We haven't yet finalised the guarantors' contract, but DD does need someplace to live.

For the housemates, we know that one is totally reliable; the second also seems to be; the third decided last month not to return so they have filled the spot with someone none of them know.

All thoughts very welcome.

OP’s posts: |
LIZS Sun 30-Jul-17 17:57:53

Each will be jointly and severally liable, pretty standard terms for sharers. It just means they need to find a substitute or pay up.

Allthebestnamesareused Sun 30-Jul-17 18:05:17

Depending on which area the house is in definitely go for one that doesn't need a parental guarantee.

Once I pointed out that each parent would be in for (worst case scenario) £27,000 and therefore I would not sign up another parent declined too. The students all then sourced another house that did not require a guarantee.

Yes my DS would have remained jointly and severally liable but at least we didn't too!

Kez100 Tue 01-Aug-17 19:23:20

Our DD signed for her room only and that was common in her university town (thank goodness!)

Over the two years, two of the four did get behind with their rent, finally sorting it at the end of tenancy but I reckon they could gave easily fallen out over it and we could have been hassled for payment as we would have been an easier touch than the girls themselves.

I'd avoid signing a contract like that at all costs but I guess some uni towns require it.

dauntlesscrusader Thu 03-Aug-17 22:19:39

Thanks LIZS, Allthebest and Kez.
It seems that this contract is pretty standard for where she is, sadly.
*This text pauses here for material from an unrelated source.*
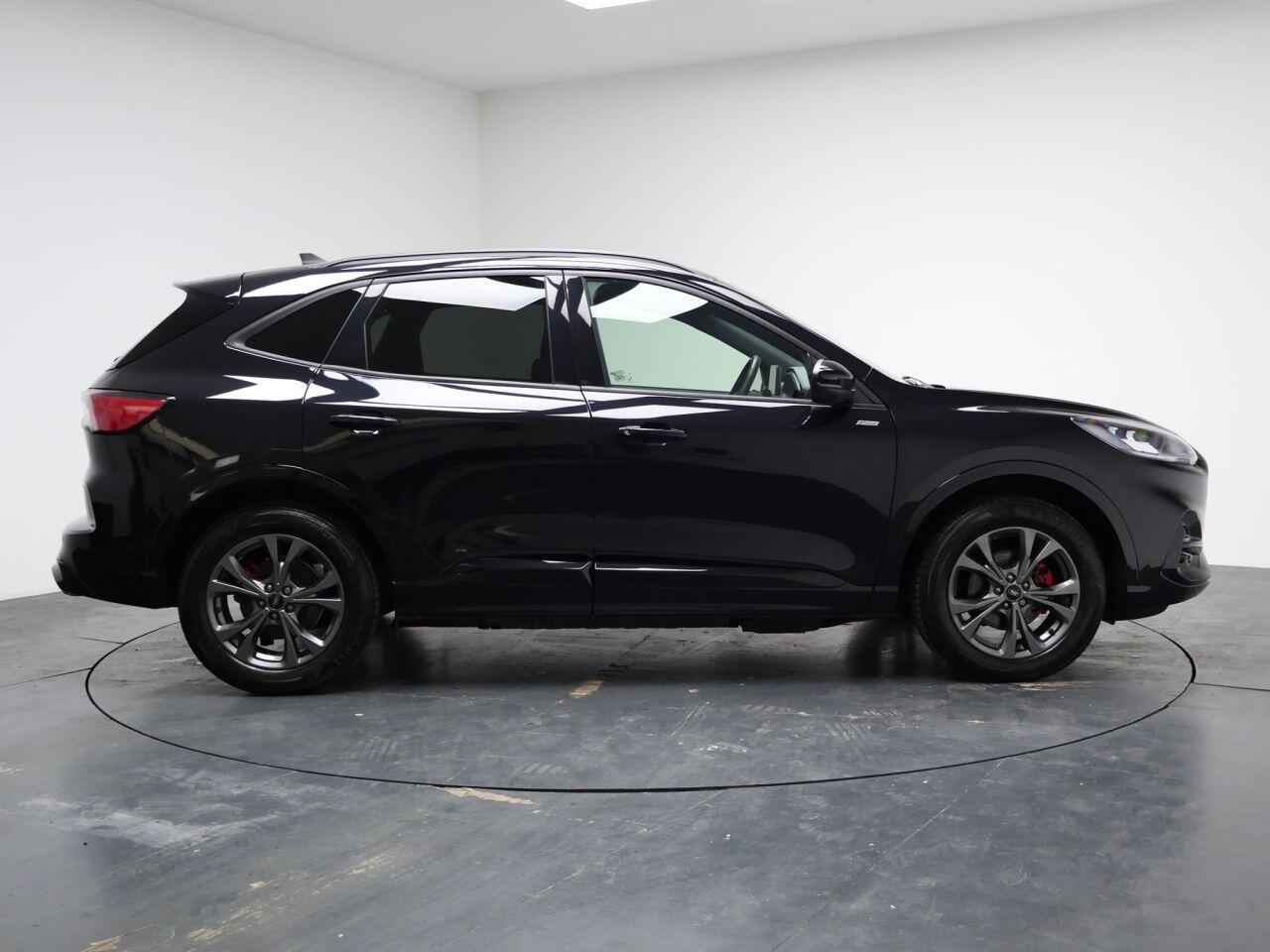 Ford Kuga - Image 14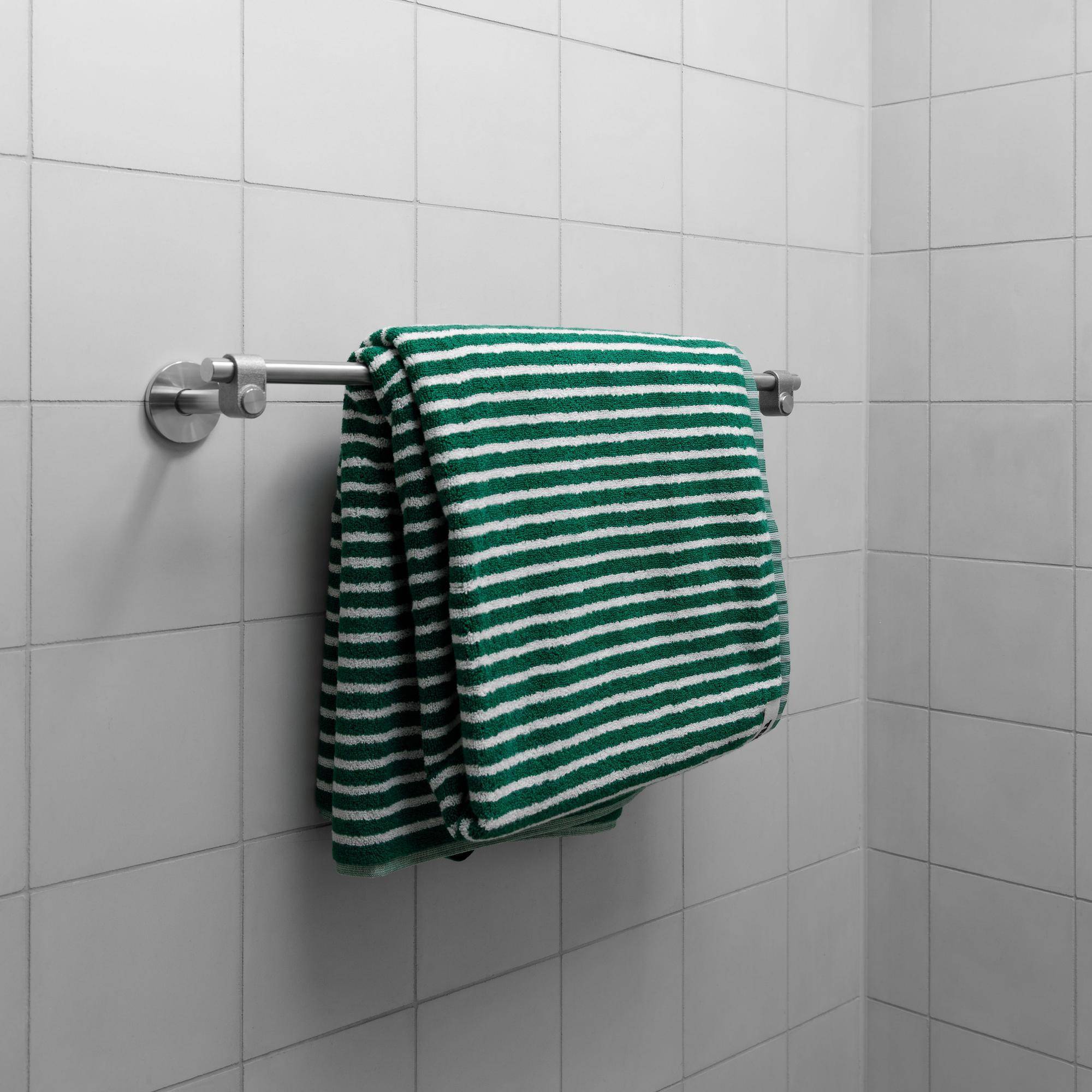TOWEL RAIL / CAST - Image 11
It's a lovely house, and definitely not a market where the students have much bargaining power, so I'll just have to hope that she has chosen her housemates wisely!

OP’s posts: |
Needmoresleep Fri 04-Aug-17 10:12:56

An alternative, used a lot in London and with overseas students, is to pay six month tranches in advance.

I assume the problem is that a landlord cannot get insurance unless they have guarantors who will pass referencing.

Another tip might be to pick flat mates whose ambitions mean they will be keen to avoid a CCJ or a poor credit record. These are so easy to check and a poor record impacts on a lot of things so it is not worth any student defaulting on a rental contract.